Mundurnya Rudy: Faktor Internal PDIP dan Nama Pinka Haprani
Direktur Eksekutif Aljabar Strategic, Arifki Chaniago, berpendapat bahwa mundurnya Rudy tidak lepas dari buntunya kompromi di internal PDIP dalam menentukan Ketua DPD PDIP Jawa Tengah yang definitif. Situasi ini terkait dengan kemunculan nama Pinka Haprani, putri Ketua DPR RI, Puan Maharani, yang disebut-sebut sebagai calon kuat.
“Saya rasa mundurnya FX Rudy ini mungkin disebabkan karena tidak menemukan titik temu dalam pemilihan Ketua DPD. Ini bisa jadi pertanda bahwa tiket PDIP Jawa Tengah mengarah kepada figur lain, bukan kepada FX Rudy,” ungkap Arifki saat dihubungi, Selasa (23/12).
Menurut Arifki, Jawa Tengah sebagai kandang banteng memiliki nilai strategis bagi PDIP, terutama dalam regenerasi partai dan persiapan Pilpres 2029. Hal ini membuat DPP PDIP harus berhitung matang dalam menentukan siapa yang layak menjadi Ketua DPD Jawa Tengah.
Dinamika Kepemimpinan PDIP dan Tantangan untuk Pinka
Agung Baskoro, Direktur Trias Politika Strategis, menilai bahwa dinamika internal PDIP turut mempengaruhi keputusan Rudy untuk mundur. Ia menambahkan bahwa regenerasi di PDIP bisa dimulai dari Jawa Tengah, yang merupakan basis suara strategis bagi partai.
“Jawa Tengah membutuhkan figur yang fresh dan memiliki kekuatan di level pusat untuk memastikan posisinya tetap strategis,” kata Agung. Ia juga memandang bahwa dengan kemunculan Pinka, DPP PDIP akan semakin fokus ke wilayah tersebut, terutama setelah kekalahan PDIP di Pilpres dan Pilkada provinsi setempat.

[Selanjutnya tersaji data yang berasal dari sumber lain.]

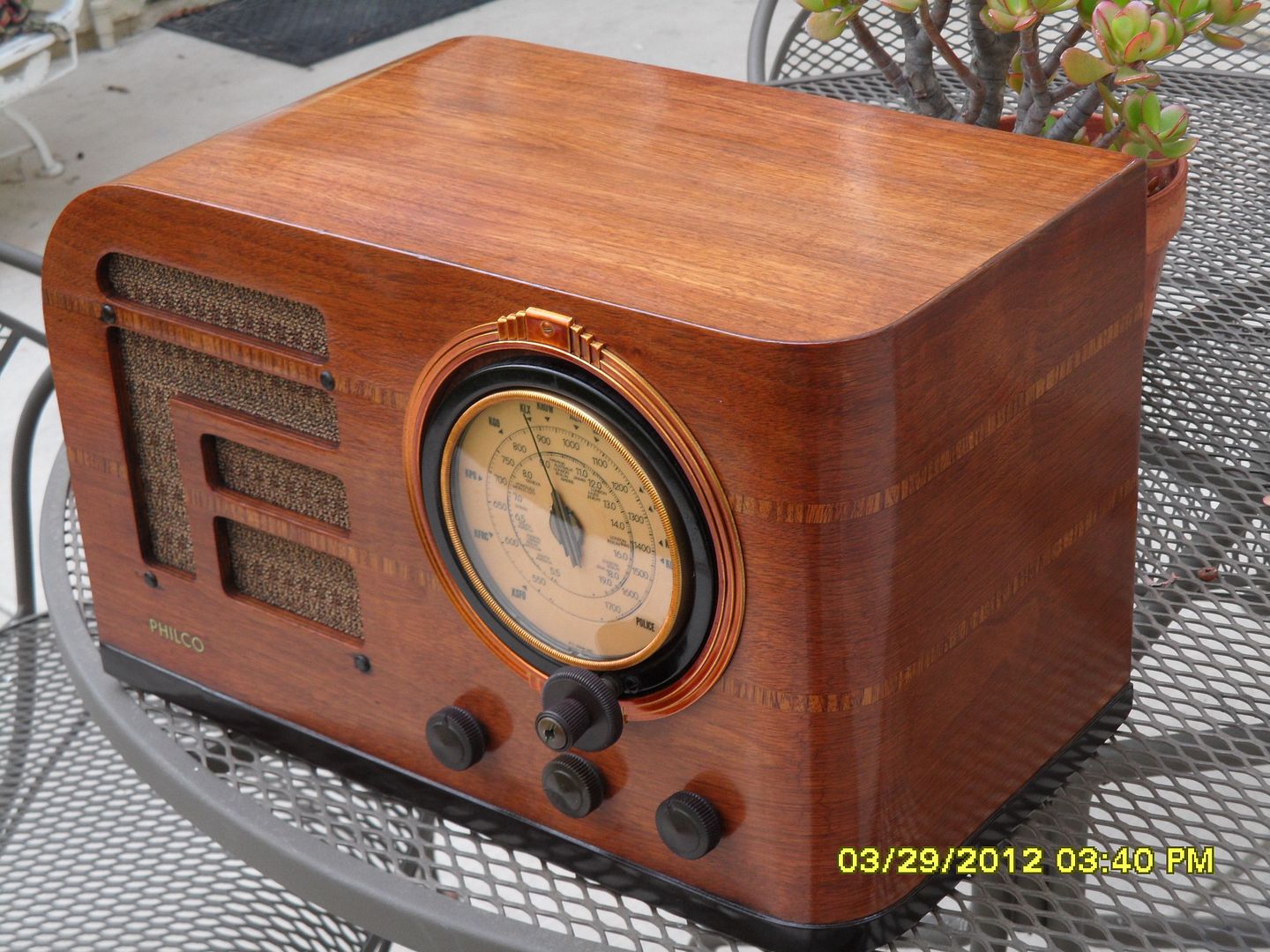 Philco38-7rightobliquefinished.jpg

Bisakah Pinka Menjaga “Kandang Banteng”?
Arifki menilai bahwa meskipun Pinka memiliki jalan terbuka untuk menjadi Ketua DPD PDIP Jawa Tengah, ia akan menghadapi tantangan besar untuk mempertahankan posisi strategis tersebut, terutama di Pilkada 2024. PDIP telah kalah di Jawa Tengah pada beberapa pemilu sebelumnya, dan kompetisi dengan Gerindra serta PSI yang juga mengincar basis tersebut menjadi semakin ketat.
“Pinka mungkin belum sekuat Bambang Pacul, yang sudah lama membangun jaringan di akar rumput. Namun, Pinka memiliki keunggulan signifikan karena merupakan anak biologis dari Puan Maharani dan cucu dari Megawati Soekarnoputri, yang tentunya memberikan kekuatan politik tersendiri,” tambah Arifki.
Jika Pinka akhirnya terpilih sebagai Ketua DPD PDIP Jawa Tengah, bisa jadi Bambang Pacul yang selama ini dekat dengan Puan Maharani akan mendukungnya sebagai mentor politik.
“Bambang Pacul bisa saja berada di belakang Pinka untuk membimbingnya memimpin Jawa Tengah,” ujar Arifki.